Première édition des prophéties d'Isaïe dans la traduction d'Antoine-Eugène Genoude, avec une dédicace au Roi, un discours préliminaire sur la poésie hébraïque et sur Isaïe, et des notes sur l'éloquence de l'Écriture sainte.
Exemplaire relié sans "La délivrance d'Israël", "Chœur imité de l'Écriture", "À Son Altesse Royale Madame, Duchesse d'Angoulême", la table et la page d'errata.
Belle reliure en plein maroquin rouge à long grain, roulette dorée en encadrement alternant lotus, palmettes et fleurs de lys sur les plats, armes de Charles X dorées au centre de chaque plat, dos lisse orné de cinq caissons, petits fers spéciaux estampés à l'or figurant un arc, une flèche, un carquois et un flambeau encadrés de feuilles de chêne, alternant avec des fleurs de lys, titre et auteur dorés, coupes et coiffes ornées de motifs dorés, roulette dorée intérieure, contreplats de papier moiré vert, tranches dorées. Quelques légers frottements et salissures à la reliure, accroc à la coiffe inférieure, rares rousseurs et piqûres aux feuillets, plis angulaires à deux feuillets, restauration marginale au dernier feuillet du texte.
L'une des premières publications d'Antoine-Eugène Genoude, traducteur et homme politique qui fit carrière durant la Restauration.
Les petits fers dorés qui ornent le dos de cet exemplaire, ont une double symbolique, religieuse et royale. Dans le chapitre 49 du livre d'Isaïe, le prophète fait allusion à son éléction divine : "[le Seigneur] a fait de moi une flèche acérée, il m’a caché dans son carquois". Dans le répertoire iconographique monarchique, les motifs de l'arc, la flèche et le carquois apparurent dès l'Antiquité.
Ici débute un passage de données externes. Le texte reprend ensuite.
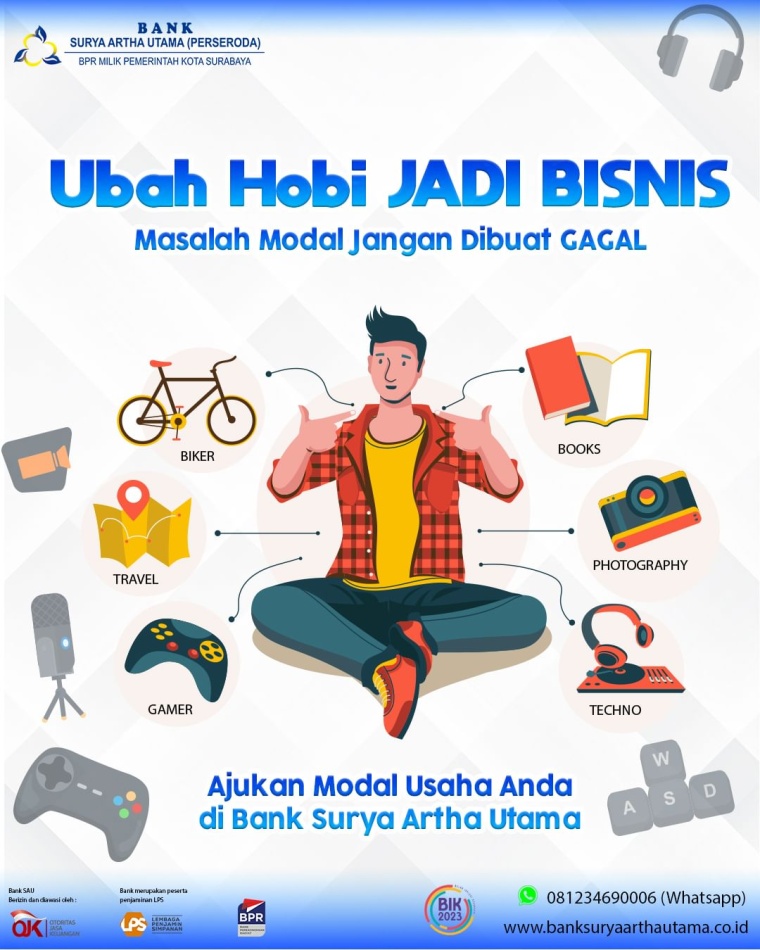 Bukan Hanya Berkendara! Strategi Baru BikersMU Jabar Ubah Hobi Motor Jadi Dakwah Berkemajuan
Ces symboles de la puissance politique et militaire du roi intégrèrent les reliures royales françaises à partir du XVIe siècle : certaines des plus précieuses reliures aux armes d'Henri II conservées à la Bibliothèque nationale de France portent ces motifs.
L'association du carquois et du flambeau que l'on retrouve sur cette reliure relève quant à elle de la symbolique du triomphe de l'Amour, qui était également fréquemment employé dans le décor architectural et le mobilier des châteaux de Fontainebleau et de Versailles. Le carquois y renferme les flèches de Cupidon, tandis que le flambeau représente la flamme de la passion : dans un contexte royal, ce motif célébrait l'union sentimentale et politique des souverains, l'amour étant garant de la paix et de la prospérité du royaume.
Prestigieuse reliure aux armes de Charles X en plein maroquin rouge à long grain, ornée de précieux petits fers spéciaux à symbolique royale.